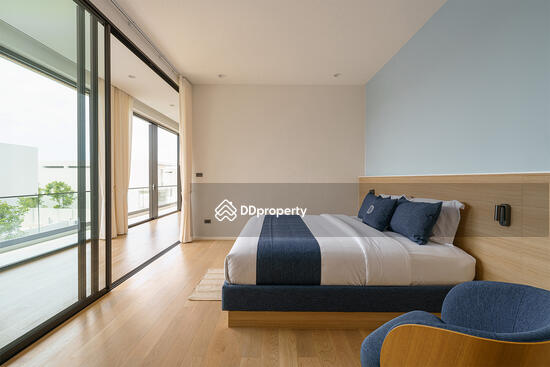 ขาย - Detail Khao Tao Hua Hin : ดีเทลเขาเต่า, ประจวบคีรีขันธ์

==

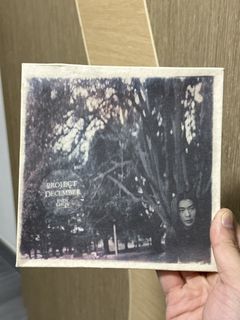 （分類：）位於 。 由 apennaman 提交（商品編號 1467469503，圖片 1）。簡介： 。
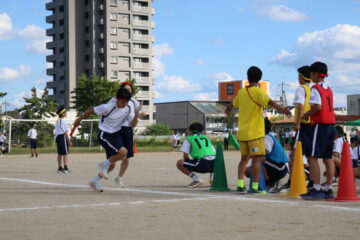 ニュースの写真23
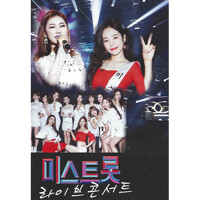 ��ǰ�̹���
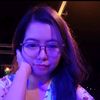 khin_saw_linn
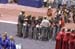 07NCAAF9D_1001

(Problem requirements) Write out again exactly the lines above from the one with "1467469503，圖片 1）。簡介： 。" through the one with "07NCAAF9D_1001", adding no other lines and no pictures.

(Exercise response)
 （分類：）位於 。 由 apennaman 提交（商品編號 1467469503，圖片 1）。簡介： 。
 ニュースの写真23
 ��ǰ�̹���
 khin_saw_linn
 07NCAAF9D_1001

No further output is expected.